### WHAT THE TASK REQUIRES
The required output is the exact text of the lines from the line containing "Sonia Rykiel Pink Rykiel Sweatshirt" through the final line below, inclusive, without pictures.

Scraped caption text data

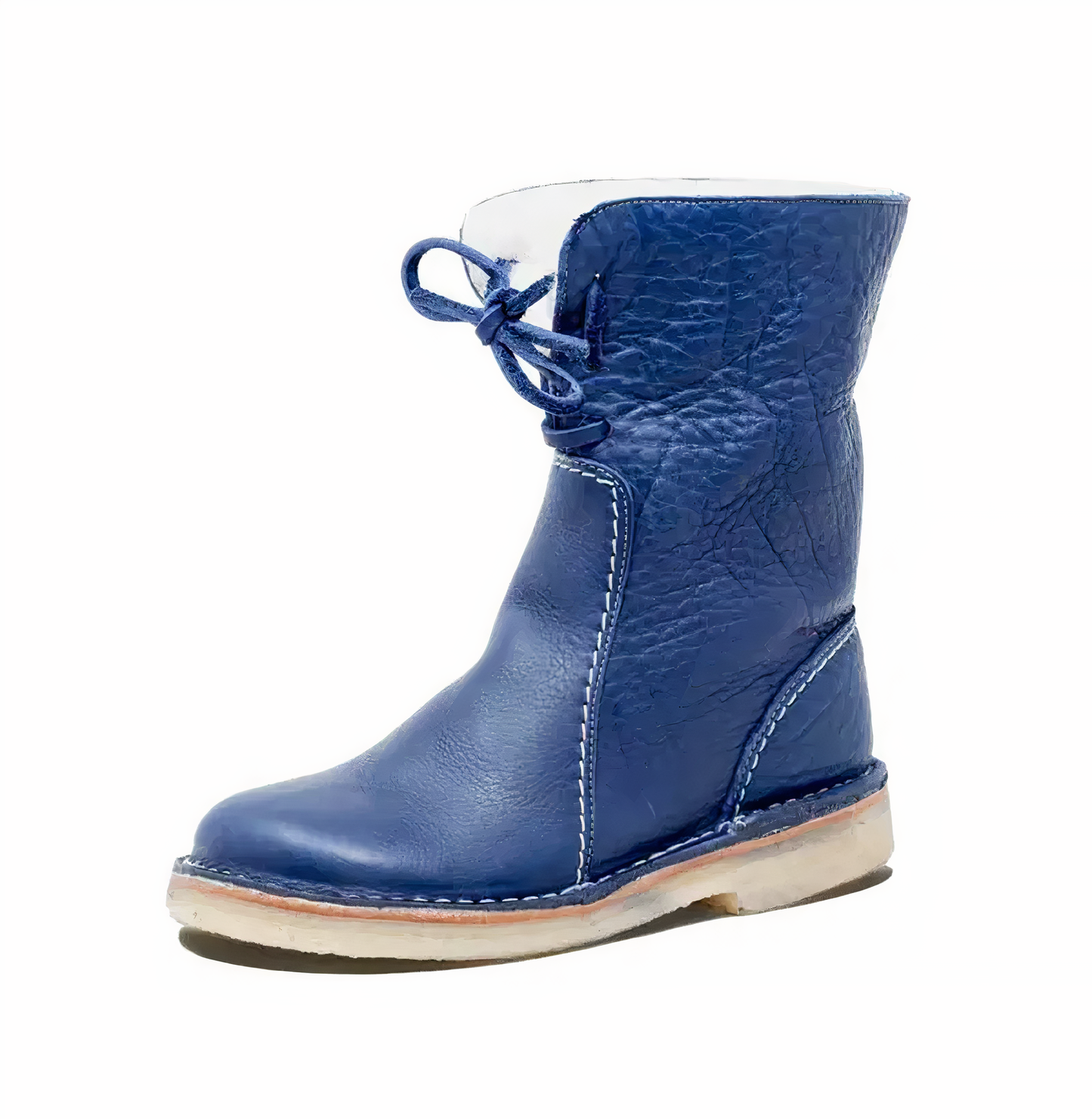 Bottes de neige en cuir - Andrea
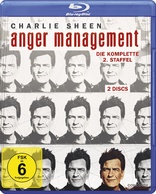 Anger Management: Season 2 (Blu-ray Movie)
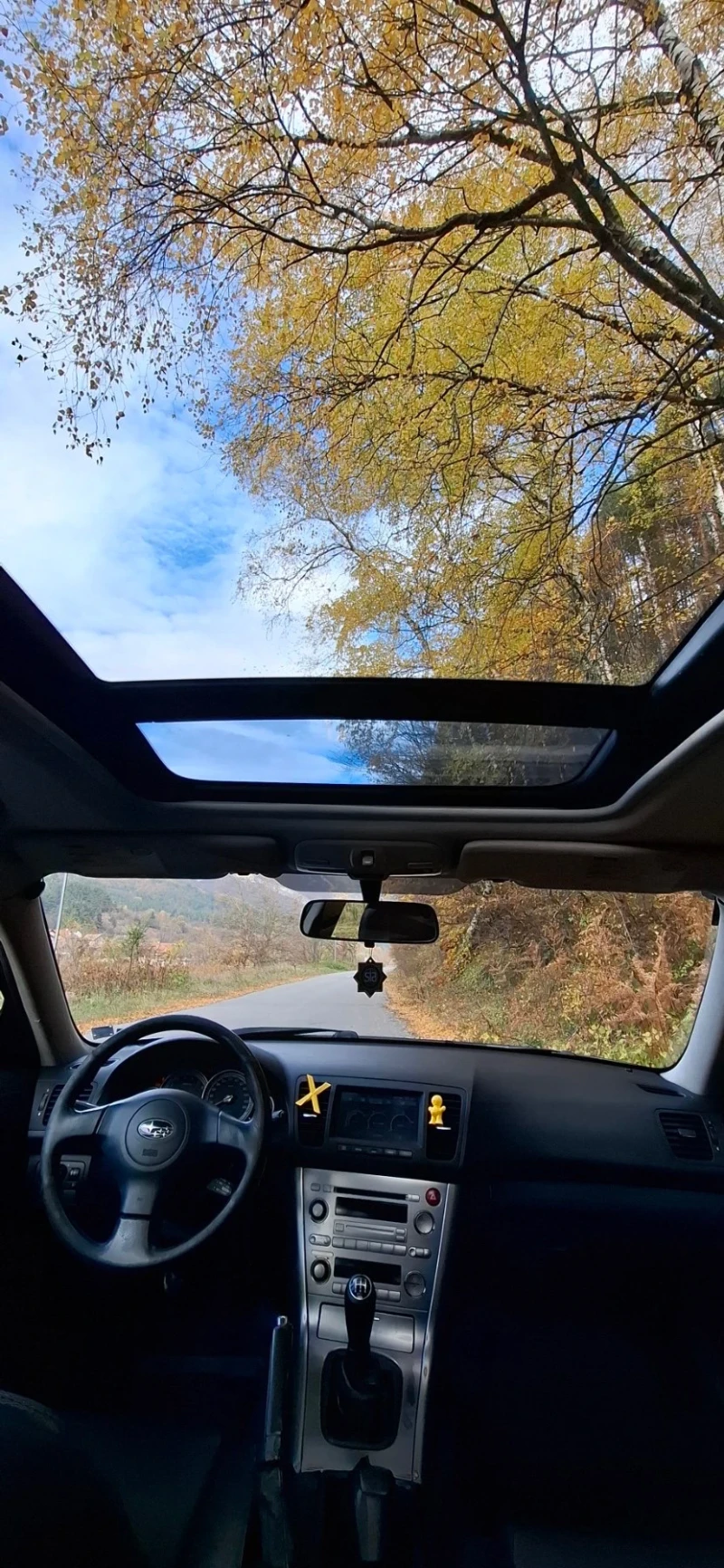 Subaru Outback 2, 5, снимка 9 - Автомобили и джипове - 52275461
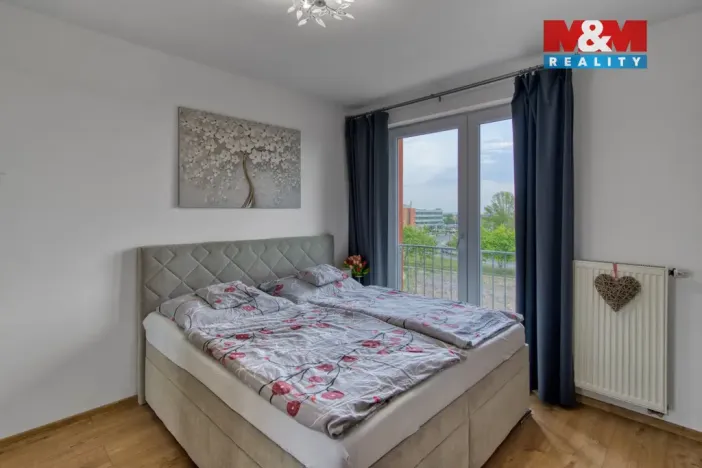 Prodej bytu 2+kk, Praha - Zličín, Sazovická, 52 m2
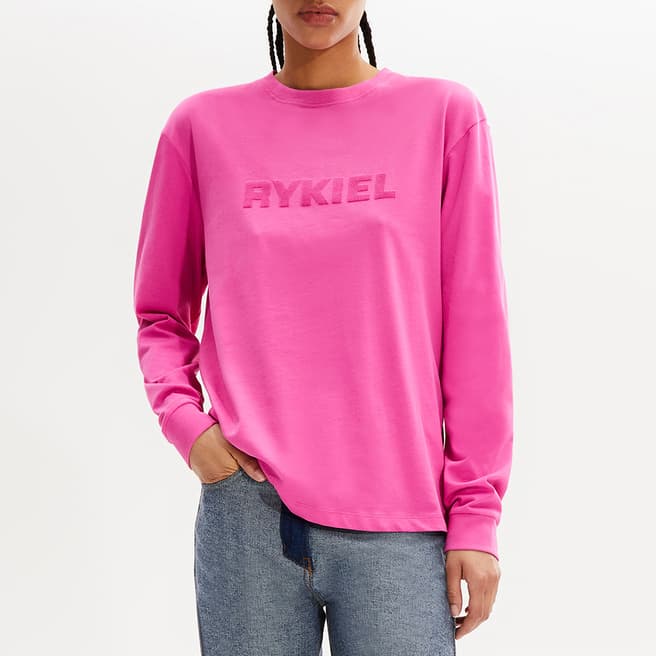 Sonia Rykiel Pink Rykiel Sweatshirt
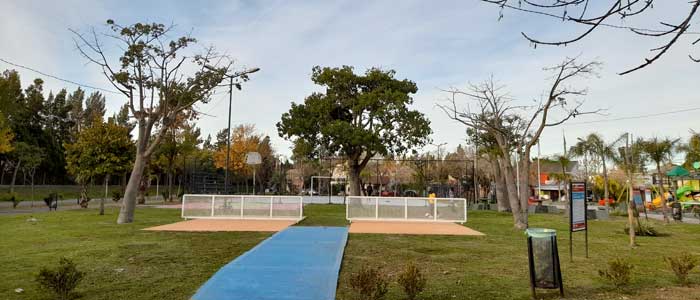 Plaza de la Democracia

### FINISHED TASK
 Sonia Rykiel Pink Rykiel Sweatshirt
 Plaza de la Democracia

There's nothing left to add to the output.